**Directions**. Output exactly the lines below, starting with the line that has "Felpa para tina" and going on through the line that has "Skull Grow Through T-Shirt", both included, and no other lines.

**Available data**.
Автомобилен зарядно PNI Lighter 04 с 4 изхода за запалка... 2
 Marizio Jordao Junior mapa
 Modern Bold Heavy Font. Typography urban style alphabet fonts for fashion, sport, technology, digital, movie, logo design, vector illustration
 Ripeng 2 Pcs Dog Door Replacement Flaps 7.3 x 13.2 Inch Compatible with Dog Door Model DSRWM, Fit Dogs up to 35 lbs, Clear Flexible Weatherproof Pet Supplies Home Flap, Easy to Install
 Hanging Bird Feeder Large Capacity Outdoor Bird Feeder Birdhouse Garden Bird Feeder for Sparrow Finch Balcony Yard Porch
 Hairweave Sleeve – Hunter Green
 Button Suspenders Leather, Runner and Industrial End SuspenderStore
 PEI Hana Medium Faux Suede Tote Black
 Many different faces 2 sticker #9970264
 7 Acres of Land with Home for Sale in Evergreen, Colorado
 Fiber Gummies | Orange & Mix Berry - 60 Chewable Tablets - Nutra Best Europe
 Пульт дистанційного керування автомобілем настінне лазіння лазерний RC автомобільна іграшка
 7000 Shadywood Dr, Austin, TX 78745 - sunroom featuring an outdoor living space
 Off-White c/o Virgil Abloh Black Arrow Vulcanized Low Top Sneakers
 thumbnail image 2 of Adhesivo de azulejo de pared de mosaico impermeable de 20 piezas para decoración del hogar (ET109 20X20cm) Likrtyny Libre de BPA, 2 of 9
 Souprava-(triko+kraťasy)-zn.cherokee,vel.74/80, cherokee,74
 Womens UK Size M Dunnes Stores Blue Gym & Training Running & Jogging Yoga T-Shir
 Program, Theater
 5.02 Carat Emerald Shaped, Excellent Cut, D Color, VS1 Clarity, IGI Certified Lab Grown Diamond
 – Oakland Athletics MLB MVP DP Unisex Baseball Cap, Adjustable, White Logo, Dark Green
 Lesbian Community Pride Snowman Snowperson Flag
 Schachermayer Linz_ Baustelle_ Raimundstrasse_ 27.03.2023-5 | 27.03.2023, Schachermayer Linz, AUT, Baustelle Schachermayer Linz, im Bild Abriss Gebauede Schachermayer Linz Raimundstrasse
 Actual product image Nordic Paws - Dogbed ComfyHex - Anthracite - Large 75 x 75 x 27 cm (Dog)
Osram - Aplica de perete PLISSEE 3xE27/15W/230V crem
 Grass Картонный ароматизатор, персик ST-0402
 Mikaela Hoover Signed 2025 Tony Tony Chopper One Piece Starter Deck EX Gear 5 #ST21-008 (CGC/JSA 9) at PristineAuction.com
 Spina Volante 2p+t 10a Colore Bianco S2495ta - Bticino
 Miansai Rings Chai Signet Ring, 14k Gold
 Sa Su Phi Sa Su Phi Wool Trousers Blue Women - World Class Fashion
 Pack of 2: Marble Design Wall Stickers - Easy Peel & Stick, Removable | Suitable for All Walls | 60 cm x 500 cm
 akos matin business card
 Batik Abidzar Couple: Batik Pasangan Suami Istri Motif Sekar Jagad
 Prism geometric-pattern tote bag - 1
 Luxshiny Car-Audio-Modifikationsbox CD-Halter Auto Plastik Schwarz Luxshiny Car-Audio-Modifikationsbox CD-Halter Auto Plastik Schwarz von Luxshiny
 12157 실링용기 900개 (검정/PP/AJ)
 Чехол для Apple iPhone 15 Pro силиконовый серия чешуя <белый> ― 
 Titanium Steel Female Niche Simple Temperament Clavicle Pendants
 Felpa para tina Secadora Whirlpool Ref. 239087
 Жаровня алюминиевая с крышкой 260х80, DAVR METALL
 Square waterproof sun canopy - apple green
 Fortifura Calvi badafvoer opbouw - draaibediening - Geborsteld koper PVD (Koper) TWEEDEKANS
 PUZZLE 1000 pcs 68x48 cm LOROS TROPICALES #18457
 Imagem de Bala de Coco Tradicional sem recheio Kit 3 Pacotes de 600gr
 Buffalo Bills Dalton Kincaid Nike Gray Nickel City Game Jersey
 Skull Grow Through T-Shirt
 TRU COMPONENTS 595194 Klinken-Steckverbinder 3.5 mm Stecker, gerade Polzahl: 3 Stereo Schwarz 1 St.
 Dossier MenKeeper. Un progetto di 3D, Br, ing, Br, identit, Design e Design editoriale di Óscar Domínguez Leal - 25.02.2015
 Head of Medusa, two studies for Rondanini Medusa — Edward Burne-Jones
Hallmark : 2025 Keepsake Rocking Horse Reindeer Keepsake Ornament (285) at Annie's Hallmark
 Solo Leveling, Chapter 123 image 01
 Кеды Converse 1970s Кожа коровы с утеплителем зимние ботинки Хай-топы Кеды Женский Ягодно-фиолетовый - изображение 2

**Output below**.
 Felpa para tina Secadora Whirlpool Ref. 239087
 Жаровня алюминиевая с крышкой 260х80, DAVR METALL
 Square waterproof sun canopy - apple green
 Fortifura Calvi badafvoer opbouw - draaibediening - Geborsteld koper PVD (Koper) TWEEDEKANS
 PUZZLE 1000 pcs 68x48 cm LOROS TROPICALES #18457
 Imagem de Bala de Coco Tradicional sem recheio Kit 3 Pacotes de 600gr
 Buffalo Bills Dalton Kincaid Nike Gray Nickel City Game Jersey
 Skull Grow Through T-Shirt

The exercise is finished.